The present invention relates to a lighting unit for an automobile headlamp for generating a light distribution with a light and dark boundary, wherein the lighting unit (1) includes a light source (2); a first reflector (R ₁ ) with at least one focus (F _1R1 ) within which a light source is disposed; a second reflector (R ₂ ) having at least one focus (F _1R2 ) and disposed downstream of the first reflector (R ₁ ) in _the optical path (S); An aperture (B) disposed between the first reflector (R ₁ ) and the second reflector (R ₂ ); Includes. The first reflector (R ₁ ) includes a first reflector section (R ₁₁ ) and at least one second reflector section (R ₁₂ ), wherein the aperture (B) is the aperture itself of the first reflector (R ₁ ). assigned to the first reflector section R _{11 and disposed at a slight separation D 1 near the beam bundle S 11 originating} from the first reflector section R ₁₁ . The intermediate light pattern generated in is cut out and disposed to form a light/dark boundary, and the intermediate light pattern generated within the second reflector section R ₁₂ is substantially unaffected by the light blocking of the aperture assembly.

Description

Lighting unit for automobile headlamps to generate light distribution with light and dark boundaries

The present invention relates to a lighting unit for an automobile headlamp for generating a light distribution with a light and dark boundary, the lighting unit comprising:

- at least one light source;

- at least one first reflector having at least one focus, wherein at least one light source is arranged within the at least one focus,

- at least one first reflector, wherein the at least one first reflector is configured to radiate and transmit light to a second reflector;

- at least one second reflector having at least one focus, wherein the at least one second reflector is arranged downstream of the at least one first reflector in the optical path and is configured to map the intermediate light pattern produced by the first reflector. a second reflector;

- at least one aperture disposed in the optical path between at least one first reflector and at least one second reflector; Includes.

Also specified within the scope of the invention is a motor vehicle headlamp comprising at least one lighting unit according to the invention.

From the prior art, numerous embodiments of lighting units for automobile headlamps are already known for generating a light distribution with light and dark boundaries.
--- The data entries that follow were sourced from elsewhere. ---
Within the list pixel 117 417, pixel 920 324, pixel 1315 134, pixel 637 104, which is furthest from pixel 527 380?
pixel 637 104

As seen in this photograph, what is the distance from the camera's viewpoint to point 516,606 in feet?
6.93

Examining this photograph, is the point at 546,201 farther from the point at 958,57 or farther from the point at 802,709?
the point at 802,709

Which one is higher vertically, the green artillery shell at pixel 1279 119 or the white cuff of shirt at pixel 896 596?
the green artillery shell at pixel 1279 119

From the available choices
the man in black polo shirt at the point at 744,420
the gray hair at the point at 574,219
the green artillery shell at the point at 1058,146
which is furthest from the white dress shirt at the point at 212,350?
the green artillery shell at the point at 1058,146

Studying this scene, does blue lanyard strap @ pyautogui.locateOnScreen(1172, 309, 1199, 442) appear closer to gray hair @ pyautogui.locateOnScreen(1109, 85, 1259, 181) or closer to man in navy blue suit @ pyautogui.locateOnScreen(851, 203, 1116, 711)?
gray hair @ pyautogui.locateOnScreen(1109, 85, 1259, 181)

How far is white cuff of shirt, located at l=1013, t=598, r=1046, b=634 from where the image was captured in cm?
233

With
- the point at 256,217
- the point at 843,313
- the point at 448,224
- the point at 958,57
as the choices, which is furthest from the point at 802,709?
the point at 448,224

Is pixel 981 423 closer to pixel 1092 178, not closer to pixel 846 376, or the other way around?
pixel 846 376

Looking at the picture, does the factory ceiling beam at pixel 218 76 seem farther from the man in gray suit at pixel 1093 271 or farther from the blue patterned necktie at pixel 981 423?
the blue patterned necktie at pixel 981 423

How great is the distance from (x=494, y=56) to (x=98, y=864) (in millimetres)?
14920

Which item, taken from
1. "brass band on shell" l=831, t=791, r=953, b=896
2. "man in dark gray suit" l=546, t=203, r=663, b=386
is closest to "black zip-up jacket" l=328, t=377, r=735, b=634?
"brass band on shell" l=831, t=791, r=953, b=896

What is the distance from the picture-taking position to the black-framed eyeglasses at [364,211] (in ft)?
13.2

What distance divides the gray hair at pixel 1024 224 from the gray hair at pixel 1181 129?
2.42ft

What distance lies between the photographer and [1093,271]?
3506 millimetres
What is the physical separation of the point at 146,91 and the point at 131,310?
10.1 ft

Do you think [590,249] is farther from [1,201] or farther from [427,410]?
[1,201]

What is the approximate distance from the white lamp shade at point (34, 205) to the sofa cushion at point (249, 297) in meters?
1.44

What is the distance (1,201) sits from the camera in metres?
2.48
The creation of a defined contrast boundary within the light pattern of a vehicle headlamp is legally required - for example, a low beam with a horizontal contrast boundary is mentioned here - or as a defined additional light function of corresponding vehicle headlamps. The above light and dark boundaries are intended by the manufacturers. Examples of this include optical functions such as glare-free high beam or adaptive driving beam, which can usually be ordered as optional equipment when purchasing a new car. In this case, light and dark boundaries are required, either vertically, horizontally or in a combined form. Technically, in the case of lighting units for automobile headlamps, the contrast boundaries are realized through a direct mapping of a sufficiently large gradient of the illuminance of the light source, or - if the light source used does not have such a gradient - within the light path of the lighting unit. It is created artificially through the insertion of corresponding apertures. The correspondingly formed intermediate light patterns are then cut out or darkened by one or more apertures and formed by lenses or reflectors as a fore-field light distribution at the near road distance of a car headlamp. Contains mapped areas. However, the use of such apertures to create light/dark boundaries has the disadvantage that it always leads to unintended losses within the light beam of a lighting unit or automobile headlamp and a consequent reduction in the overall efficiency of the lighting system, with the efficiency being compared to the emitted light flux. It is calculated as a fraction of the ray flux (each specified in lumens [lm]).

This problem appears especially in lighting units that have to produce a wide light distribution perpendicular to the light/dark boundary. This is the case, for example, when a broad horizontal light pattern with vertical light/dark boundaries is to be created. This applies, in an obvious way, equally to lighting units that are used to produce a high light pattern in the vertical direction with horizontal contrast boundaries.

Since the requirements for the width of the light distribution or the quality of the contrast boundary cannot be met, if the embodiment of the light source does not allow the creation of a vertical contrast boundary, for example through direct mapping of the light source, a corresponding A light/dark boundary may be created. Because the intended light pattern is usually limited to small angular ranges, or because high illumination is also required - as may be the case, for example, when using LED light sources, or even when using laser light sources - the radiation cone of the emitter In this wide case, light collection must be performed within the region of the beam aperture. Therefore, an optical system assembly of this type comprises a light source as an emitter, a first reflector that focuses the light from the light source or emitter onto a focus, an aperture that blocks a portion of the light, and a mapping of the intermediate light pattern produced within the focal plane of the focus. A second reflector is required.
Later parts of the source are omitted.